-
Delicious Memex
Introduced September 1 – Due September 22
Technologies
Javascript, jQuery, Greasemonkey, JSON, Delicious API
Description
During the first class students saw and later implemented a standalone version that allows users to load bookmarks from any Delicious account and create a new trail. For this assignment, students will create a related implementation that explores the idea of trails as a mechanism for organizing information using Delicious.
Options
Select one of the following as a starting point:
-
Improvements to Standalone Trail Maker: Building upon the allowing people to create trails from more than one user's bookmarks, search, go through tags.
-
Trail Browser: Create an interface that displays all of a Delicious user's trails and lets you navigate through them.
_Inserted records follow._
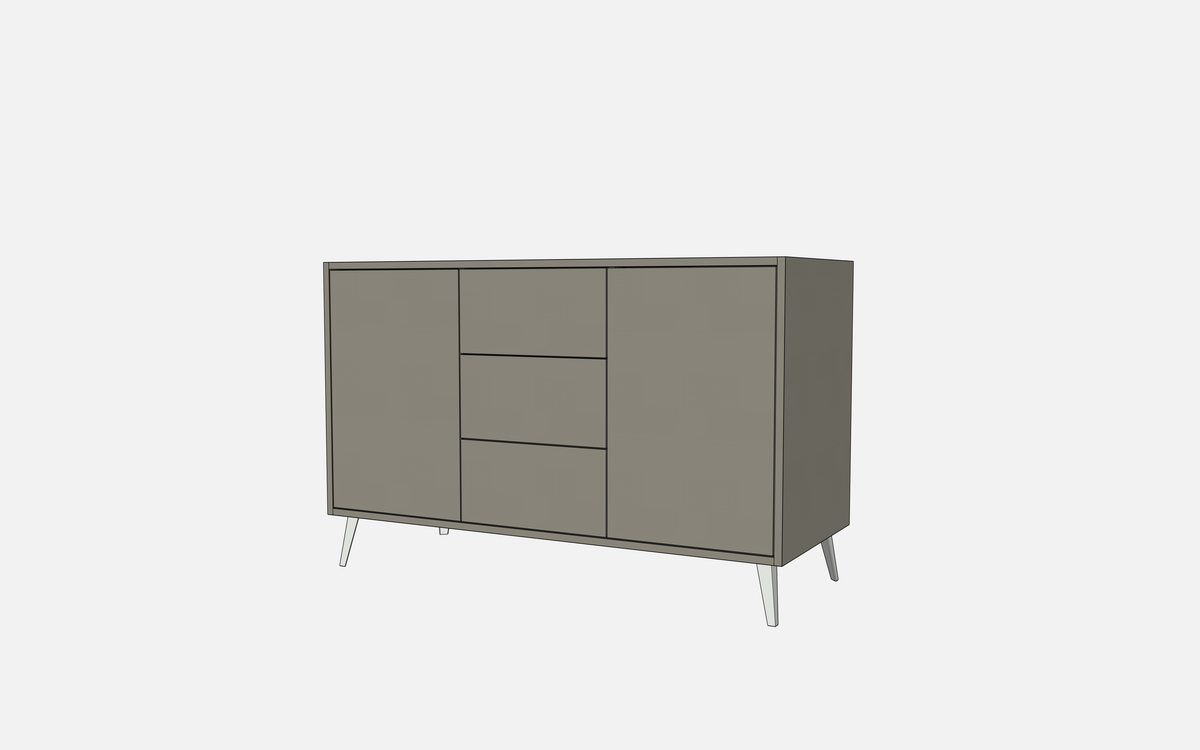 Double Door Vanity Base with Three Drawers - Under Mount Sink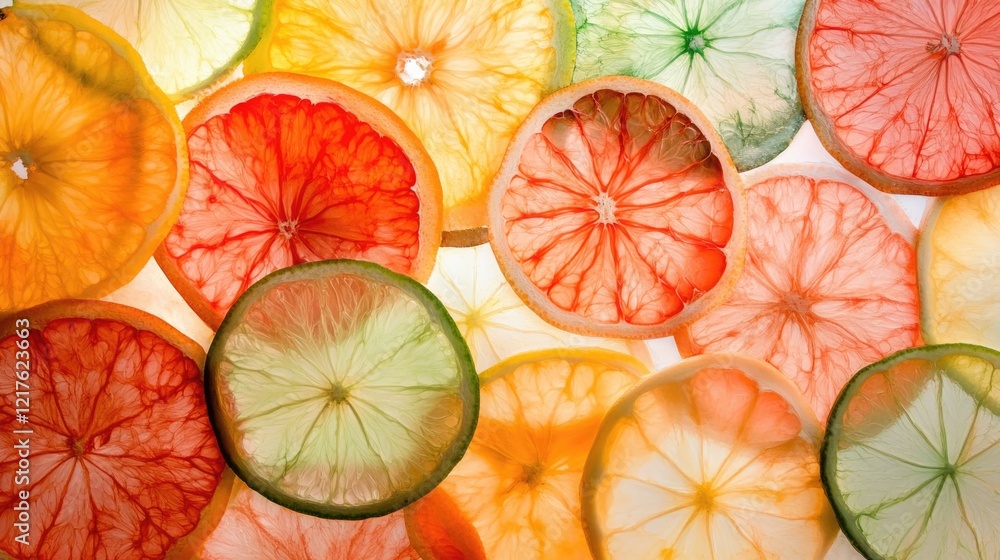 Aufkleber colorful slices of citrus fruits arranged on a light background with copy space for text placement.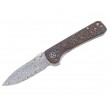 Нож складной QSP Knife Hawk 8,2 см, сталь Damascus, рукоять Carbon Copper - фото № 1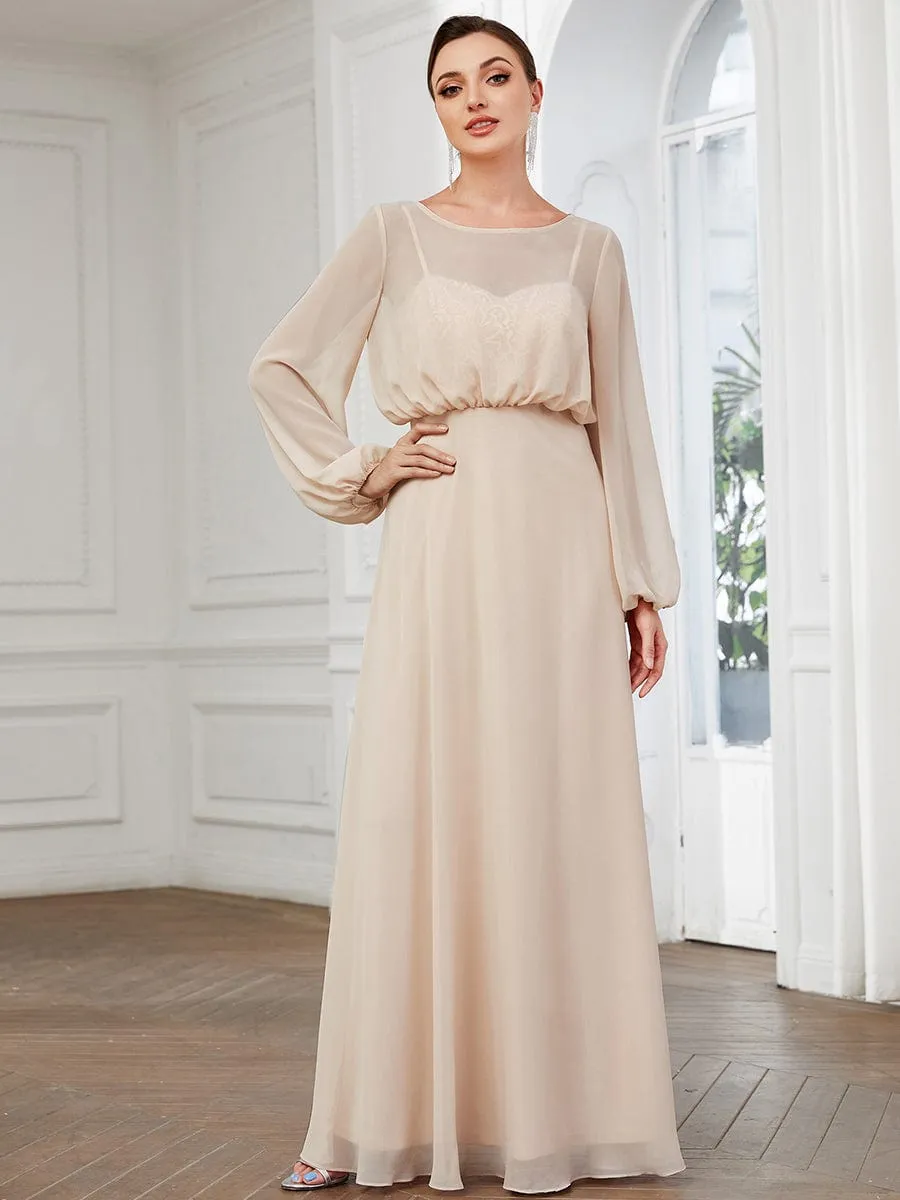 Illusion Long Sleeve Chiffon A-Line Formal Evening Dress sold by Ever Pretty product image thumbnail 4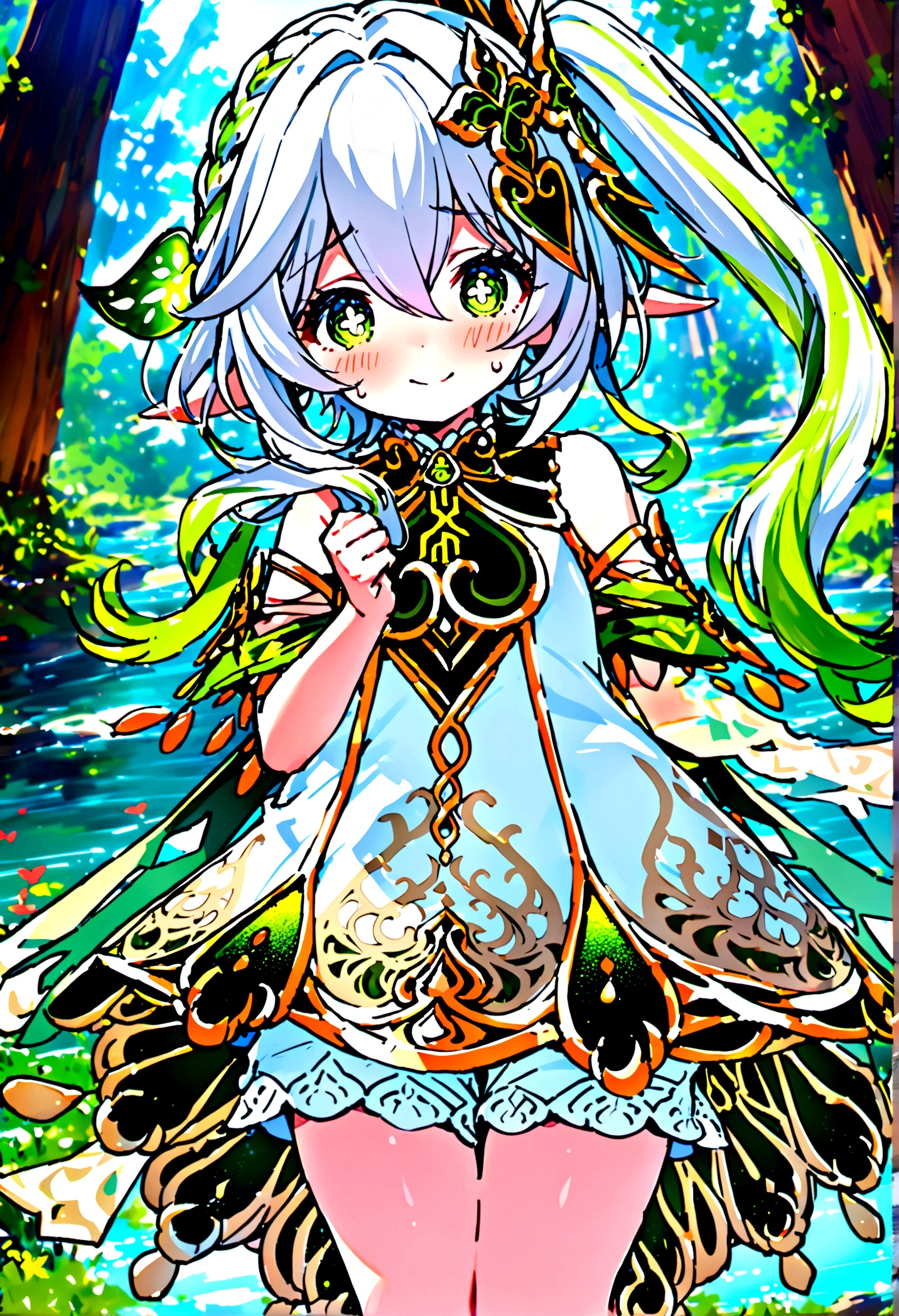 NSFW,masterpiece,Highest quality,High resolution,Super detailed,Nahida \(genshin impact\)、Green Eyes、dress、白いdress、Pointed Ears、Cruciform pupil、Symbol-shaped pupil、+ +、Side Ponytail、Long Hair、White Hair、Multicolored Hair、hair ornaments,blush,Expecting face,Be nervous,smile,in the forest,lake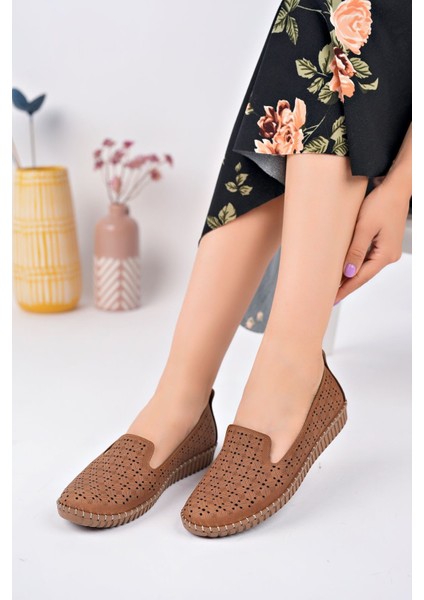 Ortopedik Ped Lazerli Taba Kadın Ayakkabı modelleri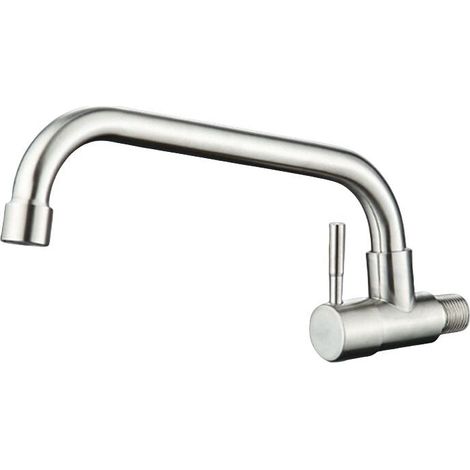 Robinet Mural Eau Froide pour Cuisine. Mitigeur Evier Mural Brossé Anti-empreinte.Mousseur Démontable (1/4)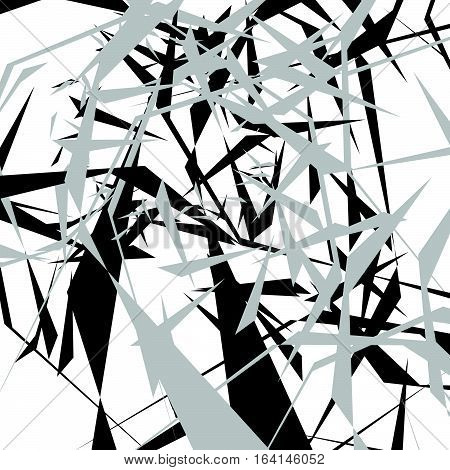 Geometric Edgy Rough Pattern. Abstract Black And White Art.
The navigation interface could be purely textual and display metadata from Delicious. It could also display bookmarked pages themselves within an iframe or by using a screencapture utility like webkit2png or khtml2png.
-
Post to Trail: Use Greasemonkey to modify the Delicious Post a Bookmark screen so that a user can add a bookmark to an existing trail or create a new one.
-
Trail Maker at Delicious: Use Greasemonkey to modify the Delicious bookmarks page to allow users to create a trail from their bookmarks within the current Delicious interface.
Notes
The syntax for trails that we will be using on Delicious is to apply 'trail:[trail_name]' to an item to indicate that it is part of a trail and 'step:[number]' to indicate where in the trail the item is positioned. Each item in a trail named "Vacation in Paris," for example, has a tag 'trail:vacation_in_paris'. The first item in the trail has a tag 'step:1', the second item has the tag 'step:2', and so on.
-
Controlled Vocabularies
Introduced September 22 – Due October 6
Technologies
Javascript, jQuery, Greasemonkey, JSON, site-specific APIs
Description
In Cory Doctorow's "Metacrap" essay he lists seven problems with explicit metadata. Students will build or modify UI as a way to potentially address one of these problems, making it easier to use a controlled and consistent vocabulary.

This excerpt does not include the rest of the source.